Mengenai ancaman hukuman mati, misalnya. Dalam pandangan Basrief, adanya ancaman yang tertera dalam pasal 2 ayat 2 UU Tipikor memang dilematis. Di satu sisi, ancaman hukuman mati dalam UU Tipikor memang tampak ampuh untuk memberi efek jera pada koruptor.
Namun, kata eks Wakil Jaksa Agung tersebut, pasal itu bukannya tanpa cacat. Ia mengilustrasikan, bagaimana banyak negara di Eropa yang menggunakan hal tersebut sebagai tolok ukur pelaksanaan hak asasi manusia di Indonesia.
"Ketika Kejagung akan melakukan proses asset recovery (pengembalian aset) di negara-negara Eropa, pertanyaan mereka satu: apakah kita masih menerapkan hukuman mati atau tidak," ujarnya di Kejaksaan Agung.
Dijelaskan Basrief, karena dianggap berbenturan dengan HAM, sejumlah negara di Eropa sudah tak lagi mencantumkan hukuman tersebut dalam perundangan mereka. Beda dengan Indonesia yang masih menganggapnya bagian dari hukum positif.
"Ini harus dipikirkan matang-matang. Saya sendiri belum ketemu dengan Menteri Hukum dan HAM untuk membicarakan hal ini. Tapi pengalaman saya pribadi seperti itu," kata Basrief.
Adapun mengenai kewenangan penuntutan yang dimiliki Komisi Pembarantasan Korupsi, yang juga dipangkas dalam rancangan revisi UU Tipikor, Basrief menilai hal tersebut sebenarnya tak masalah. Pihaknya siap jika kewenangan penuntutan disentralisasi di Kejaksaan.
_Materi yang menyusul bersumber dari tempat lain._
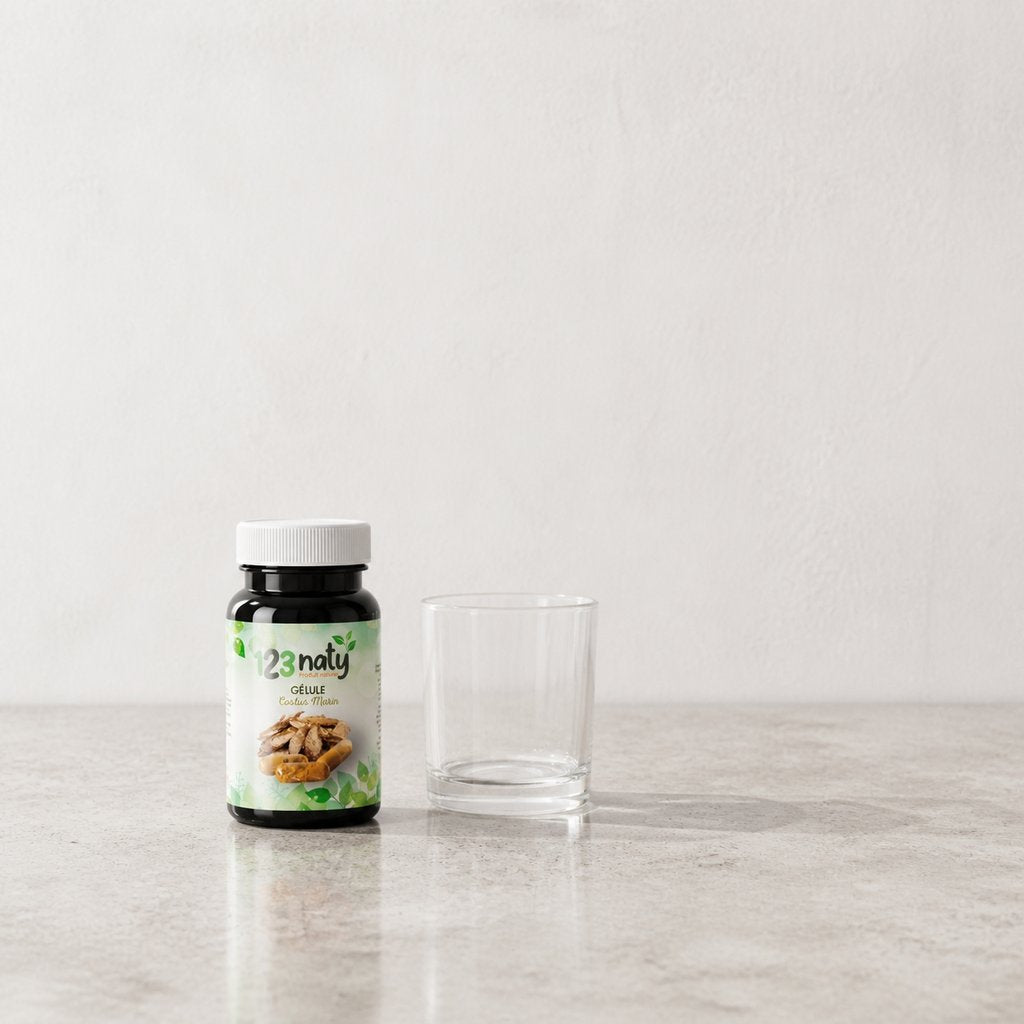 120 Gélules de Costus Marin – Plante Médicinale – Vitalité & Détox Naturelle | 123NATY — Taille réelle du produit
"Di negara manapun, secara universal penuntutan berada pada Kejaksaan. Jadi kalau pun penuntutan diserahkan ke kami, itu nggak ada masalah. Lha memang kami kan sebagai penuntut umum. Itu sesuai dengan Kitab Undang-Undang Hukum Acara Pidana," katanya.
Seperti diberitakan, rencana revisi UU Tipikor menuai kritik. Indonesia Corruption Watch misalnya, menganggap draf revisi UU tersebut justru kontraproduktif terhadap upaya pemberantasan korupsi.
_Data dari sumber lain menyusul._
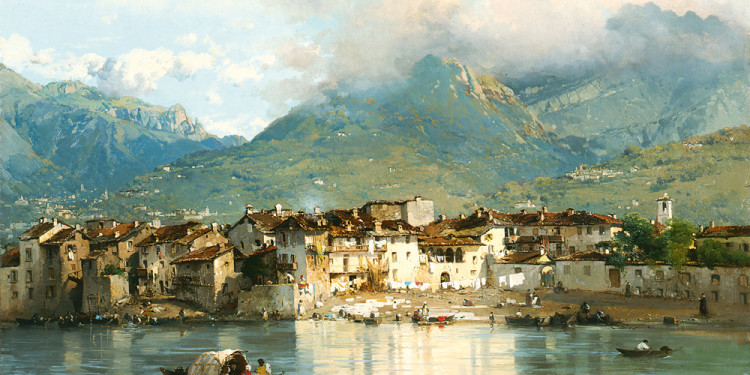 Gerolamo Induno (Milano 1825 – 1890) Pescarenico, 1862 Olio su tela, 57,5 x 79,5 cm Collezione Fondazione Cariplo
Poin yang dipermasalahkan ICW adalah penghapusan kewenangan KPK dalam menuntut, penghapusan hukuman mati, pengurangan nilai hukuman minimal, dan penghapusan pidana pada korupsi senilai kurang dari Rp 25 juta.
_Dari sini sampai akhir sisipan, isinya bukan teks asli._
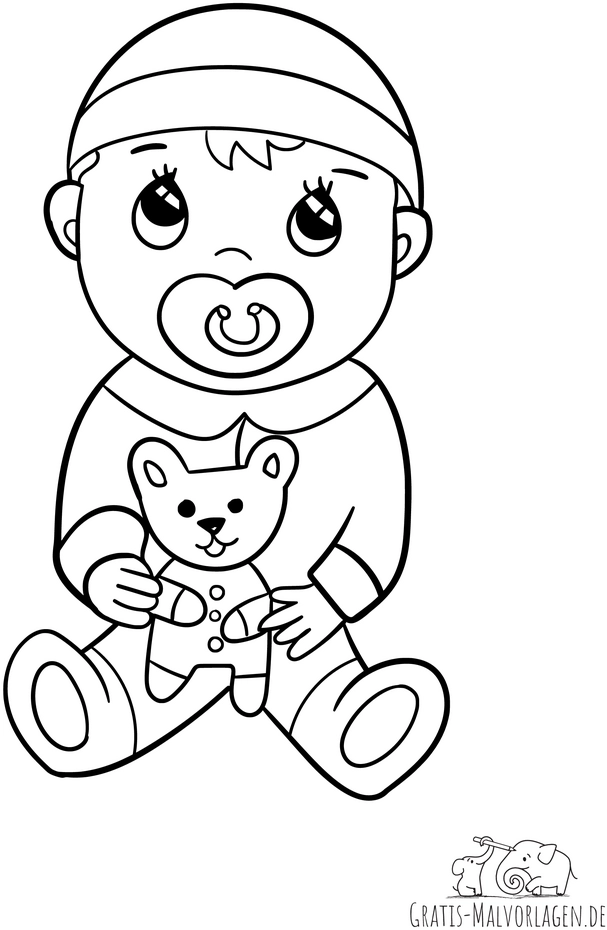 baby-mit-schnuller-und-teddybaer-ausmalvorlage
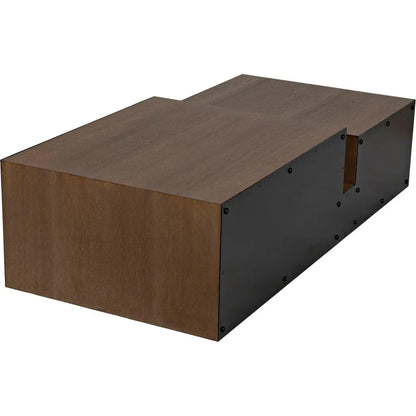 Nido Wood & Black Steel Rectangle Coffee Table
KPK sudah menyatakan keberatannya terhadap materi RUU Tipikor yang baru. Beberapa waktu lalu Juru Bicara KPK Johan Budi mengatakan, revisi UU Tipikor belum diperlukan, karena UU yang ada saat ini, yakni UU No.31 tahun 1999 dan UU No.20 tahun 2001, sudah akomodatif.